17

1.8K 166 6
                                    

"Mbak."

"Hei, Raf. Baru nyampe?"

Rafael mengangguk mengiyakan pertanyaan sosok perempuan yang kerap dia jadikan informan. Informan cantik yang adalah Kakak sepupunya sendiri. "Masih lama?" Tanyanya memastikan.

"Udah beres, kok. Calie lagi ganti baju di ruangan itu." Wenda berucap sembari mengedikkan dagu ke arah sebuah pintu merah yang tertutup rapat. Ruangan kecil yang sepertinya di khususkan untuk para talent.

"Kok lo di sini? Pacar gue sendirian, dong?"

"Ya elah, bocah. Si Dedek nggak sendirian, kali. Ada Mas-mas stylish yang bantuin Dedek ganti baju, lagian itu ruangannya sempit banget, nggak muat dimasukin rame-rame."

"Tunggu, tunggu. Maksud lo pacar gue lagi berduaan sama cowok yang nggak gue kenal?!" Kalau saja mulut Rafael bisa menyemburkan api, wajah Wenda mungkin sudah hangus terbakar dibuatnya.

"I-iya?" Jawab Wenda ragu. Dia sepenuhnya benar, tapi sama sekali nggak membenarkan isi pikiran Rafael sekarang. Sialnya perempuan berwajah oriental itu nggak sempat berkata lebih lanjut karena Rafael lebih dulu beranjak dari hadapannya. "Salah paham nih orang." Gerutunya lantas terburu-buru mengikuti jejak Rafael.

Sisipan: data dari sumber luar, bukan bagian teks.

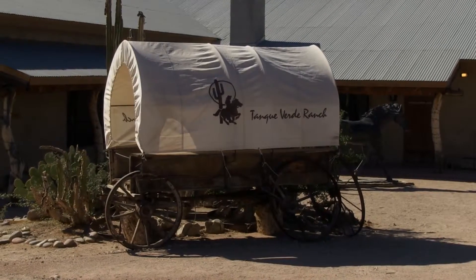On your next trip to Tucson, for an unforgettable experience for you and your family, visit the Tancaverde Ranch. There's something for everybody. This experienced traveler gives it two thumbs up.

Mimik wajah Rafael mengindikasikan adanya gelombang emosi yang siap meluluhlantakkan targetnya. Pria mana yang nggak emosi mengetahui sang kekasih sedang berduaan dengan pria lain di sebuah ruangan yang tertutup sedemikian rapatnya? Rafael nggak mau menerka-nerka kemungkinan apa yang sedang terjadi di dalam sana, dia akan memastikannya sendiri, hanya saja- sial! Kepalanya pening ketika terbayang sesuatu yang nggak diinginkan.

"Rafa!"

Wenda berusaha menggapai Rafael sebelum adik sepupunya itu nekat menendang pintu di mana Calandra dan seseorang lainnya ada dibaliknya. Demi Tuhan beberapa kru mulai curi-curi pandang ke arah mereka. Mereka masih berada di lokasi syuting, yang artinya ada banyak kamera dan mata yang merekam segala peristiwa yang bisa dijadikan berita. Sebagai sepupu Rafael sekaligus manajer Calandra, Wenda jelas nggak ingin kedua orang itu mendapat kecaman karena sembrono dalam bersikap.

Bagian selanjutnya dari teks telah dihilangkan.